Bad Neustadt

Nur Gott braucht keine soziale Distanz

Beten kann man auch allein. In Zeiten von Corona gilt es, die sozialen Kontakte einzuschränken.
Beten kann man auch allein. In Zeiten von Corona gilt es, die sozialen Kontakte einzuschränken. Foto: Fabian Strauch/dpa

Unsere Sprache verrät uns, wenn wir über unser Verhalten in Krisen sprechen: Da reden wir von "enger zusammenrücken", uns "gegenseitig den Rücken stärken" und "zusammenhalten". Eigentlich alles Ausdrücke von körperlicher Nähe, nach der man sich in angstbesetzten Zeiten sehnt. Und auch für Gläubige ist der erste Impuls in Krisen, sich zu treffen, um gemeinsam zu beten, möglichst noch mit gefassten Händen. Warum sonst hätten sich in schweren Zeiten immer als erstes die Kirchen gefüllt?
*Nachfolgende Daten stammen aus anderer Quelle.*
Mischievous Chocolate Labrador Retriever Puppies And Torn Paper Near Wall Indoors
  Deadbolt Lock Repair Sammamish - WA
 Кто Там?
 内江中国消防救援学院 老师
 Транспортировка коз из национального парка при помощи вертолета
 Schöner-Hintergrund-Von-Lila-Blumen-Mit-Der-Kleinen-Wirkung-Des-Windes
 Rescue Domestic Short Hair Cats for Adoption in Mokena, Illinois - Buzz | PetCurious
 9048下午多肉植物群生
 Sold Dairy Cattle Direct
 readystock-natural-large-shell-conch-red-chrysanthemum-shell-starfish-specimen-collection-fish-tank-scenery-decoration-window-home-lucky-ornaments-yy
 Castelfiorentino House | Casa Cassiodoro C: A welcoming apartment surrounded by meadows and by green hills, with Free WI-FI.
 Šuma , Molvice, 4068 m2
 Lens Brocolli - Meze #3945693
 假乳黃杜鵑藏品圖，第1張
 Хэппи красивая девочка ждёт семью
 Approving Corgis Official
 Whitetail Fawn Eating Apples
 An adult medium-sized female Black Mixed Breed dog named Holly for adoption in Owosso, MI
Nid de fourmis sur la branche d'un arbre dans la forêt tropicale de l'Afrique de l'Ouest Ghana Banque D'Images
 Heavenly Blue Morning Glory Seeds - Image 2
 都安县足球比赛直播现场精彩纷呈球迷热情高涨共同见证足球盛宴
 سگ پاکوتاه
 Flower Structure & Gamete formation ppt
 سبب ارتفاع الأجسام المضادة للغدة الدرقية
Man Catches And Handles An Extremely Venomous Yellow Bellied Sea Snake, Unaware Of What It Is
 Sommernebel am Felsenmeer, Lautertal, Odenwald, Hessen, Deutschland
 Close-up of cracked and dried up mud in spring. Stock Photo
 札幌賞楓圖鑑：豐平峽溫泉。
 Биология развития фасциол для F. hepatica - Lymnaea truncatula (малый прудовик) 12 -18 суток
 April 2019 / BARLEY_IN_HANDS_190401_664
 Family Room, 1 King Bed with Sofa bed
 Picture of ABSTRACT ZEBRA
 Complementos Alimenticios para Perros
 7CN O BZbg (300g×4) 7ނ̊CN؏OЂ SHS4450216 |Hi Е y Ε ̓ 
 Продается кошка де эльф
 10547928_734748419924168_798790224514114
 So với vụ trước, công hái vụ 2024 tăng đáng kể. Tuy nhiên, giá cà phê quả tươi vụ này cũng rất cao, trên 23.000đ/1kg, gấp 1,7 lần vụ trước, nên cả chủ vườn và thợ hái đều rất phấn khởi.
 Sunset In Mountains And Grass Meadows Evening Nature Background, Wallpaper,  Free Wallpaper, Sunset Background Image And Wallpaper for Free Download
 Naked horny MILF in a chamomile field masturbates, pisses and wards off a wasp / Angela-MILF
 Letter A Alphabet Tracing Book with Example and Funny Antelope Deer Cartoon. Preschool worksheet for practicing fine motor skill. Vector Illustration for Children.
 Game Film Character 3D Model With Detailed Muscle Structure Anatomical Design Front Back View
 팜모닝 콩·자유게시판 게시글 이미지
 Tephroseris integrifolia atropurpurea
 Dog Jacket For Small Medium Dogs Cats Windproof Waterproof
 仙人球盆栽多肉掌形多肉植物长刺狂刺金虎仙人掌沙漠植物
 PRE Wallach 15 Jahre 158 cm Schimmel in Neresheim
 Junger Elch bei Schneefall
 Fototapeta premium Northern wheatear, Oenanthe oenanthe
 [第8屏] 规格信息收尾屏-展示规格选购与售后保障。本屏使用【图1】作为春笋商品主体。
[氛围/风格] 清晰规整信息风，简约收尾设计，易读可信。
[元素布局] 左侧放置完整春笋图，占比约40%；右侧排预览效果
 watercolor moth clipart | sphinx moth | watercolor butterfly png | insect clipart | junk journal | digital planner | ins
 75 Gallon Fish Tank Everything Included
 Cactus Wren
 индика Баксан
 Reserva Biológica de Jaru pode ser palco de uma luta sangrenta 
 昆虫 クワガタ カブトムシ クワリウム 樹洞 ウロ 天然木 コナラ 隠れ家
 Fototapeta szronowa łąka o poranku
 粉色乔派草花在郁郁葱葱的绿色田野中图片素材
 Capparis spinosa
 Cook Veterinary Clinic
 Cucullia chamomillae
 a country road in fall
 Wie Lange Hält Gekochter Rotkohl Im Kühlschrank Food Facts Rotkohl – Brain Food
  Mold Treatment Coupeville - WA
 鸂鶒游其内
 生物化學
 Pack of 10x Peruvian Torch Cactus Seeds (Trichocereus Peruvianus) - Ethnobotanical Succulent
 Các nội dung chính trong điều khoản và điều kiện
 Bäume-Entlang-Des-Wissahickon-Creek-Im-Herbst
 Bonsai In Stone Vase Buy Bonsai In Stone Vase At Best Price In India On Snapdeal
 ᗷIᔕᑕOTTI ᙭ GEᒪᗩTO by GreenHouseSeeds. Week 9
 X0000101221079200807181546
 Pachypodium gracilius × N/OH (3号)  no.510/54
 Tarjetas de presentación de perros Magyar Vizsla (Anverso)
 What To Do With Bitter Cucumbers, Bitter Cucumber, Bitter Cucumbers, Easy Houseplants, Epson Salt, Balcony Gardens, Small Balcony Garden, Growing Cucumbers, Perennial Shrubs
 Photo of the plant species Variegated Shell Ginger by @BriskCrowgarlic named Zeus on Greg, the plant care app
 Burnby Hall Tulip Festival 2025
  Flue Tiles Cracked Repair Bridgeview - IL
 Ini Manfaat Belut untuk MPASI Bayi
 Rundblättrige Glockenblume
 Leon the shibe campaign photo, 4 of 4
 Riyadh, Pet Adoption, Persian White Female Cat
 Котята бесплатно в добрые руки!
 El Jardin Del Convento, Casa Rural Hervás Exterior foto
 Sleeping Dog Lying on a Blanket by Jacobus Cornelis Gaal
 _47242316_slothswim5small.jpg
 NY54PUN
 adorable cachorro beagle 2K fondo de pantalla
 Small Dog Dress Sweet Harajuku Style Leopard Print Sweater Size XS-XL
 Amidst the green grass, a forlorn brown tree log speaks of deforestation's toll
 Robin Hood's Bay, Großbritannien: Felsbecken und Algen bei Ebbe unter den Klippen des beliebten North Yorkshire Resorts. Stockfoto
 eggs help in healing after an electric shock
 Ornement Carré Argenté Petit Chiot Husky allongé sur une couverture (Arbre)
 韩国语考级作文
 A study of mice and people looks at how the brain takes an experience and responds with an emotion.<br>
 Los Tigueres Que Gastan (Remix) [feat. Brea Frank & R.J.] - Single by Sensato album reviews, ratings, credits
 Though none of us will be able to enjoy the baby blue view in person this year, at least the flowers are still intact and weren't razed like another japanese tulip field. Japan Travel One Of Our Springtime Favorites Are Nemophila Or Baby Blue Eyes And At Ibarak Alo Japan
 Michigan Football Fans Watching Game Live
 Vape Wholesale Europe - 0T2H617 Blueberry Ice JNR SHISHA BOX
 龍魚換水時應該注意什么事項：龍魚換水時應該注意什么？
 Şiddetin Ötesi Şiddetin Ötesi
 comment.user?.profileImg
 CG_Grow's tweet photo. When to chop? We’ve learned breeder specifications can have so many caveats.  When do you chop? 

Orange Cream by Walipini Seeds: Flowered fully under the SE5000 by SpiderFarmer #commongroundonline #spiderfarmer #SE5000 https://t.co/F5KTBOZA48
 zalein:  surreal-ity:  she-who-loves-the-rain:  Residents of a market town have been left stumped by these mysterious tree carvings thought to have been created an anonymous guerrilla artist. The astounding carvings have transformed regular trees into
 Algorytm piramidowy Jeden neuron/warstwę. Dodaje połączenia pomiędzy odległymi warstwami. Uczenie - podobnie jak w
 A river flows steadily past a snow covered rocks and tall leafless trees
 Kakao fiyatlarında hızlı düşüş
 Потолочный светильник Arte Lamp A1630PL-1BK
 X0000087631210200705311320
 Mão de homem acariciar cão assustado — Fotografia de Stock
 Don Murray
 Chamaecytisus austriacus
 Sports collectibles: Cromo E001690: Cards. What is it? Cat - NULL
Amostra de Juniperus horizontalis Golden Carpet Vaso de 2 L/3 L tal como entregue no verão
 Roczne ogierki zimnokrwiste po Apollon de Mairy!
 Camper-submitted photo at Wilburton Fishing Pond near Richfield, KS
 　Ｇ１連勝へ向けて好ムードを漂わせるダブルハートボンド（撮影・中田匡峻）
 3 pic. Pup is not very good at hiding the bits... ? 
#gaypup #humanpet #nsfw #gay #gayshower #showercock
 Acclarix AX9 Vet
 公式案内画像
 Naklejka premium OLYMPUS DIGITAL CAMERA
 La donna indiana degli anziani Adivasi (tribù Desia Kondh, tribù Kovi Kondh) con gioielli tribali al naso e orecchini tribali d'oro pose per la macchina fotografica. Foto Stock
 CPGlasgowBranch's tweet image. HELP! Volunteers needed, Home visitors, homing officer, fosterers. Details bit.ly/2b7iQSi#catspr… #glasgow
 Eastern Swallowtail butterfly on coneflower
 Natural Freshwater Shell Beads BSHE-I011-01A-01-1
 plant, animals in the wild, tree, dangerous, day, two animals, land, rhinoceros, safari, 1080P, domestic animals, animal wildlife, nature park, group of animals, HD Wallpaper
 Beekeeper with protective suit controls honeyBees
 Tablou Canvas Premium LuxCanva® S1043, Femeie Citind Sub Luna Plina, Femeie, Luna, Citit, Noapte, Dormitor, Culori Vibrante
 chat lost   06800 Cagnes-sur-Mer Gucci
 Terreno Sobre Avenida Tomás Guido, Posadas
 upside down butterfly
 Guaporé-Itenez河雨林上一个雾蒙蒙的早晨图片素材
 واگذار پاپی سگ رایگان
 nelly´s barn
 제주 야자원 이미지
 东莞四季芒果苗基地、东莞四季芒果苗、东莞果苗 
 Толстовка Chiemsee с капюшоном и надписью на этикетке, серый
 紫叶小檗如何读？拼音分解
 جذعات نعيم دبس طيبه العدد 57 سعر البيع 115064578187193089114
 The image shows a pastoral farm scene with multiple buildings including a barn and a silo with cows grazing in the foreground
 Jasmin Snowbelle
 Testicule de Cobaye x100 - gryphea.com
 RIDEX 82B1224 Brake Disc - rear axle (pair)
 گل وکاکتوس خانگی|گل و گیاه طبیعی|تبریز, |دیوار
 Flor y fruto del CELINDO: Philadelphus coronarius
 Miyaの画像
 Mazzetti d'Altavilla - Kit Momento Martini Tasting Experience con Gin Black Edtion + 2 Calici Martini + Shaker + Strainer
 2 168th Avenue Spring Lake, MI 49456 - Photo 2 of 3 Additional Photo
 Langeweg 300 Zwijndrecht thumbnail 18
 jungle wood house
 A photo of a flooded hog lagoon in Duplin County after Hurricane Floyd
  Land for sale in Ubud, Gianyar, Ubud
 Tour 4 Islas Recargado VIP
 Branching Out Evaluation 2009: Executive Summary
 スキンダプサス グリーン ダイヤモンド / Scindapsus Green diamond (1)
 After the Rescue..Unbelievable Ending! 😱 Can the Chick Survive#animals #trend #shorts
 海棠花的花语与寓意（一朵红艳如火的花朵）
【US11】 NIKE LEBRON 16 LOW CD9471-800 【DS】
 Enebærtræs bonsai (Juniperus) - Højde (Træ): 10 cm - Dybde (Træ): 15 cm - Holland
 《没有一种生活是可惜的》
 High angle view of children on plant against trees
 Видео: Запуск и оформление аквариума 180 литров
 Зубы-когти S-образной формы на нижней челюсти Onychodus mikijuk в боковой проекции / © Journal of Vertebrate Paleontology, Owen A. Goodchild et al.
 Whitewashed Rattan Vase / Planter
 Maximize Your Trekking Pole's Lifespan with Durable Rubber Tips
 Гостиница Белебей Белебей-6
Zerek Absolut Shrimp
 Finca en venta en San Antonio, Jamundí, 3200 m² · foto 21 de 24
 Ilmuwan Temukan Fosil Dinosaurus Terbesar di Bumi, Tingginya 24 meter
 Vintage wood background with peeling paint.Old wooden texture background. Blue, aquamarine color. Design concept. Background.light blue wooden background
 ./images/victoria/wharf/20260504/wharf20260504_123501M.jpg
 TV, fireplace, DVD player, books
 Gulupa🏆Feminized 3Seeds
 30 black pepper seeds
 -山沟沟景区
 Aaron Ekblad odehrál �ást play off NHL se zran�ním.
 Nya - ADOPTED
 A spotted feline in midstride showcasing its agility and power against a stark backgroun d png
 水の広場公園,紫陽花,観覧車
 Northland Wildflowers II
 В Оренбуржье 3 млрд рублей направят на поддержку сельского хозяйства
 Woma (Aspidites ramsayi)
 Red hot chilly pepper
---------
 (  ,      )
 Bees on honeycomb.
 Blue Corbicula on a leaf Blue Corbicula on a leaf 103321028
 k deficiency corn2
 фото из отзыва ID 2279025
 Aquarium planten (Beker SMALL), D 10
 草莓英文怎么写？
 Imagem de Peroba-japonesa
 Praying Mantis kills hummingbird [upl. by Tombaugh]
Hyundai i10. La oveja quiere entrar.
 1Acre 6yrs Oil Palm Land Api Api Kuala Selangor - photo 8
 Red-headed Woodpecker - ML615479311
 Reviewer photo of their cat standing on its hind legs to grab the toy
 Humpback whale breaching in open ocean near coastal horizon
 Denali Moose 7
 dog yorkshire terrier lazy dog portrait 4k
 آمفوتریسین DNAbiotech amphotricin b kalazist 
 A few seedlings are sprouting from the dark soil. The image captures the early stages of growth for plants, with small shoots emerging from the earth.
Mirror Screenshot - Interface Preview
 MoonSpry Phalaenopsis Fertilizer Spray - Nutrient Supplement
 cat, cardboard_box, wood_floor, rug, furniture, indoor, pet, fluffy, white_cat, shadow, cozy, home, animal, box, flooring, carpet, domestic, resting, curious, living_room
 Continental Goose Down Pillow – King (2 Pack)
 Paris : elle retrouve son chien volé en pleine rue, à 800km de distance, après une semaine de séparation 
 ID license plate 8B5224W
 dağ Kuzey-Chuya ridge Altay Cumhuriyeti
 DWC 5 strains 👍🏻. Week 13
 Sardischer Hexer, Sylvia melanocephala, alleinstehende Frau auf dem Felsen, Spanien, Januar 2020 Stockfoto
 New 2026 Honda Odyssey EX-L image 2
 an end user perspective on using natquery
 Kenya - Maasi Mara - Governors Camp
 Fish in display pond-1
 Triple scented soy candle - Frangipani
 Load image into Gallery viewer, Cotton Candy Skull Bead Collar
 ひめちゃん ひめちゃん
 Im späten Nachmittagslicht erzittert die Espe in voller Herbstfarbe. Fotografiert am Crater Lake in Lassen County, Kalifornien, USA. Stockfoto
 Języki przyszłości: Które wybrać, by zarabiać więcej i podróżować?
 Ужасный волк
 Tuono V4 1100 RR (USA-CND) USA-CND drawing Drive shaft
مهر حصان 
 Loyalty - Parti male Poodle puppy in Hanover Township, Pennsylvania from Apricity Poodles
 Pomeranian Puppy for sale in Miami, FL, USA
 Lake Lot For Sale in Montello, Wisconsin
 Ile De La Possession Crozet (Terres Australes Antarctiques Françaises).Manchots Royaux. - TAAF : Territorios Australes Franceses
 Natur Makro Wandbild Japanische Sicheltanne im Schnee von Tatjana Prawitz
Dass dies alles jetzt nicht mehr gelten, ja sogar gefährlich und kontraproduktiv sein soll, geht absolut gegen unseren ersten Impuls und gegen unser innerstes Gefühl. So sehr, dass manche Gläubige sogar von mangelndem Glauben oder gar Abfall vom Glauben sprechen. Aber da kann ich nur mit den Worten des Predigers Kohelet aus dem Alten Testament antworten: "Es gibt eine Zeit zum Umarmen und eine Zeit, die Umarmung zu lösen" (Koh 3,5). Glaube findet immer auf der Höhe der Zeit statt und nie außerhalb von ihr. Wir befinden uns noch nicht in der Ewigkeit und können deshalb auch nicht einfach über der Zeit schweben, als hätten wir an ihr keinen Anteil.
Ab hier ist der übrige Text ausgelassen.